In the joint State Department and USAID section, the directive on global climate change was mainly distilled to a single, sweeping bullet point.
“The President’s 2018 Budget,” the proposal stated, “[e]liminates the Global Climate Change Initiative and fulfills the President’s pledge to cease payments to the United Nations’ (UN) climate change programs by eliminating U.S. funding related to the Green Climate Fund and its two precursor Climate Investment Funds.”
Created by the Obama administration in 2010, the Global Climate Change Initiative is the federal government’s one-stop shop for overseas climate support. Jointly run by the State Department’s Office of the Special Envoy on Climate Change and USAID, it encompasses all climate-related bilateral efforts, including the nation’s many collaborations with China, such as the U.S.-China Clean Energy Research Center and U.S.-China Climate Change Working Group.
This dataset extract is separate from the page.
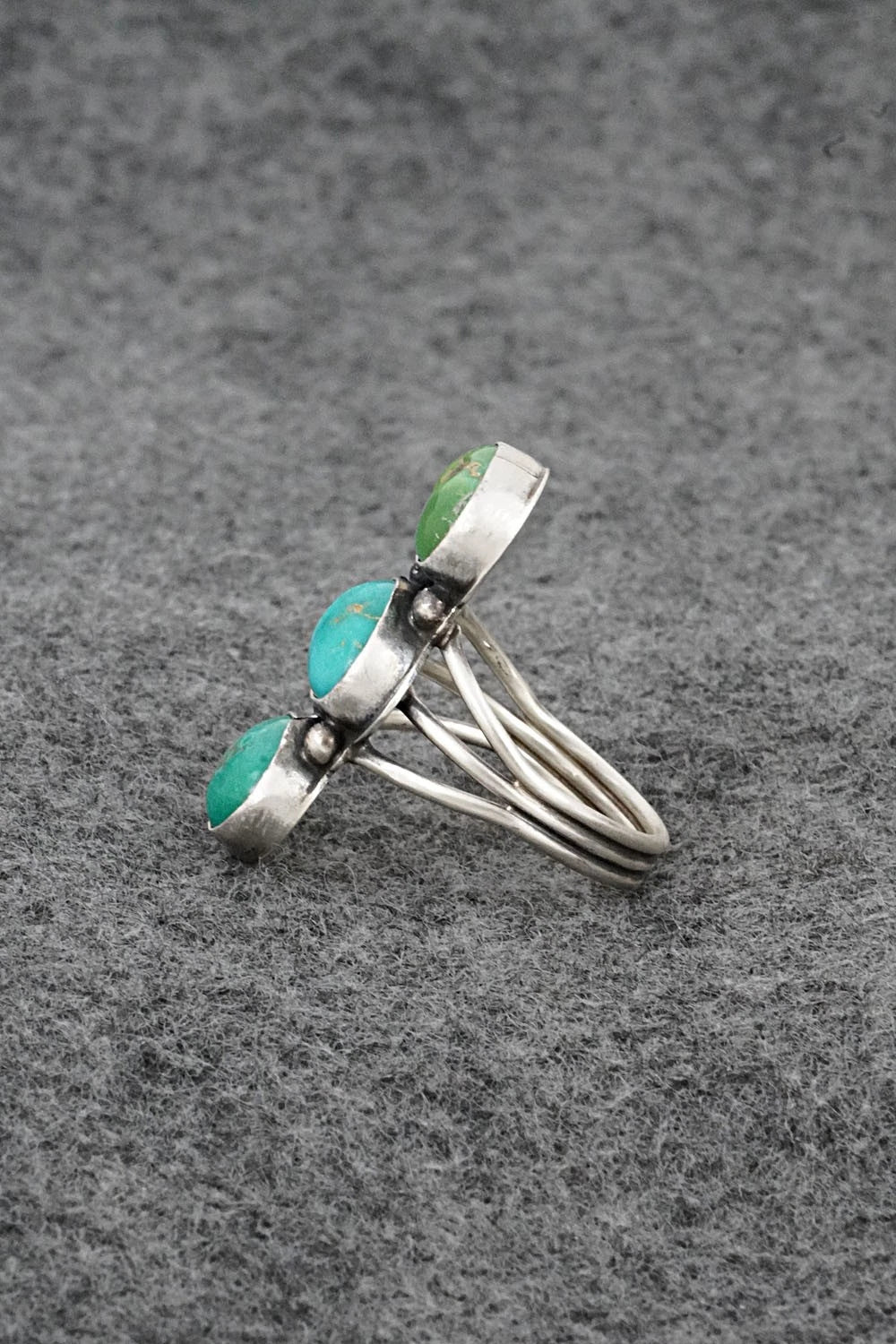 Turquoise & Sterling Silver Ring - Verley Betone - Size 8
America’s contributions to United Nations Framework Convention on Climate Change (the global body overseeing the Paris climate agreement) and the Intergovernmental Panel on Climate Change (the international group assessing the latest climate research) have also come out of the GCCI in recent years. The U.S. is the world’s largest contributor to both the UNFCCC and IPCC. The U.S. contributes about 20 percent of the UNFCCC’s biennial budget of about $54 million, according to a UNFCCC spokesman.
“We understand that the new U.S. administration today published its first budget proposal,” said UNFCCC spokesman Nick Nuttall, according to Climate Home. “We also understand that approval of such a budget can be a long and complex process and we will follow it with interest.”
The GCCI umbrella also covers U.S. support for clean energy in developing countries via the Clean Energy Ministerial, as well as the Climate and Clean Air Coalition. This is a group of 51 countries devoted to reducing non-carbon climate pollution, including hydrofluorocarbons or HFCs used in refrigerants and air conditioning. Another major U.S.-led program in the GCCI is called Enhancing Capacity for Low Emission Development Strategies, which helps developing nations track and respond to climate change.
The budget also targets the Green Climate Fund, intended to help developing nations prepare and respond to catastrophic climate change. The Obama administration had pledged $3 billion to the fund; only $1 billion has been paid out so far.
Another bullet point in the budget proposal calls for a $650 million reduction in funding over the next three years for multilateral development banks, such as the World Bank. These institutions are major players in financing mitigation and adaptation projects in developing nations and they are increasingly making climate change a priority.
Because the budget does not provide a comprehensive line-by-line breakdown of cuts, it’s uncertain whether every program housed within the GCCI or other foreign climate-related efforts are destined for elimination. But it looks that way, multiple climate experts told InsideClimate News.
The budget appears to put all the global climate work “on the chopping block and it will require very specific efforts to preserve as much of it as we possibly can,” said Andrew Light, a former State Department official who is now a distinguished research fellow at the World Resources Institute.
Finalizing the federal government’s budget is a long process that starts with the White House proposal and undergoes multiple rounds of review in Congress.
Speaking from Tokyo, Secretary of State Rex Tillerson defended the need to make budget cuts at his agency. “Clearly the level of spending that the State Department has been undertaking, particularly in this past year, is simply not sustainable,” he said, according to Reuters.
The White House proposal comes amid uncertainty about whether the United States will stay or withdraw from the Paris accord. President Obama ratified the agreement last year and it has since entered into force. If America were to back out, the process would take four years. Another option is pull out of the UNFCCC, which could happen within a year. Even if there is no formal withdrawal, this budget suggests the Trump administration has no intention of actively meeting the country’s emissions target of cutting greenhouse gases 26-28 percent by 2025 compared to 2005 levels, financial promises or other global climate-related pledges.